* ACTION ITEM: Write each entry out again verbatim, pictures excluded.

#####

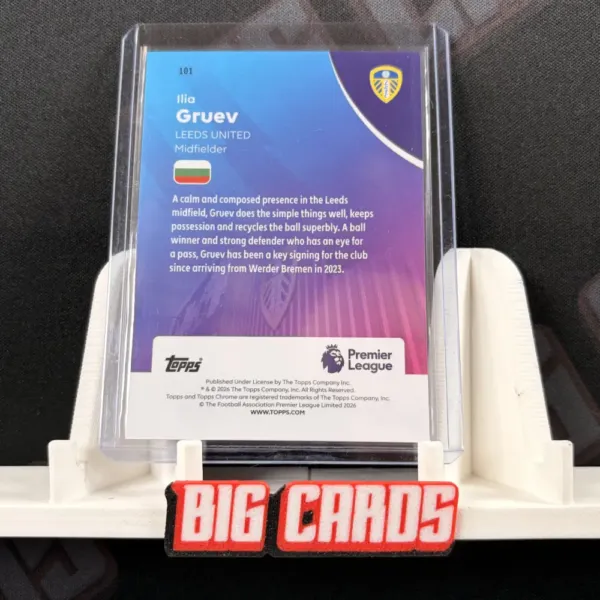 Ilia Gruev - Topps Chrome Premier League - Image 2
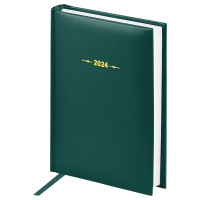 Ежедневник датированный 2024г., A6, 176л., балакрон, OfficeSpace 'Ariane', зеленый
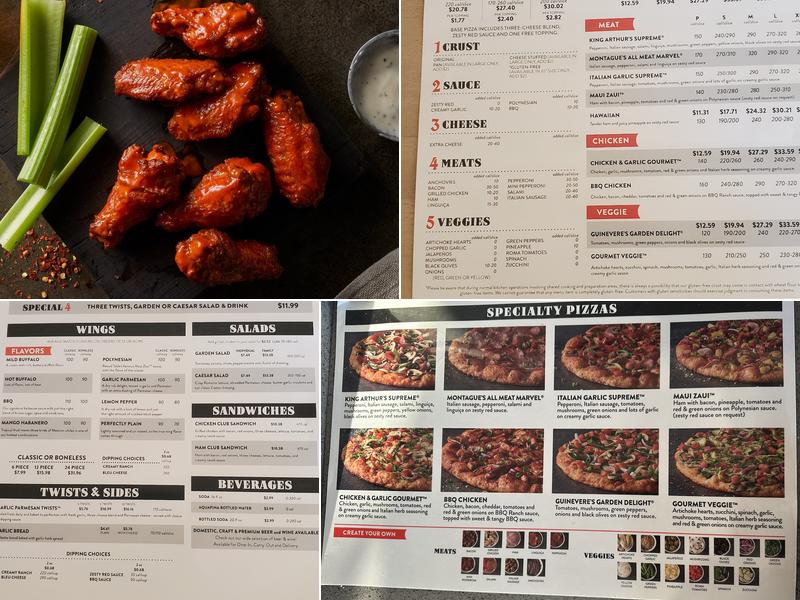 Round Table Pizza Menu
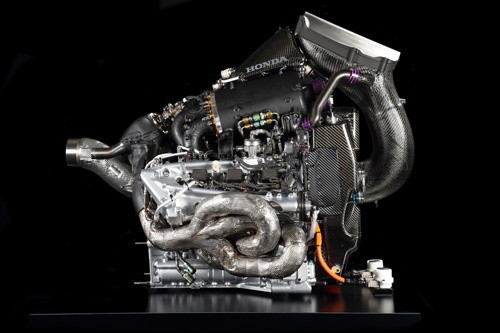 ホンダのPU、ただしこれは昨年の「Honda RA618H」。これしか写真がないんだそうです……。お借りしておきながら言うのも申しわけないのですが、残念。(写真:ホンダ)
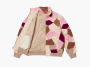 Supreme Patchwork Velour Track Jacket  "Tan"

#####

* ANSWER TO THIS TASK:
 Ilia Gruev - Topps Chrome Premier League - Image 2
 Ежедневник датированный 2024г., A6, 176л., балакрон, OfficeSpace 'Ariane', зеленый
 Round Table Pizza Menu
 ホンダのPU、ただしこれは昨年の「Honda RA618H」。これしか写真がないんだそうです……。お借りしておきながら言うのも申しわけないのですが、残念。(写真:ホンダ)
 Supreme Patchwork Velour Track Jacket  "Tan"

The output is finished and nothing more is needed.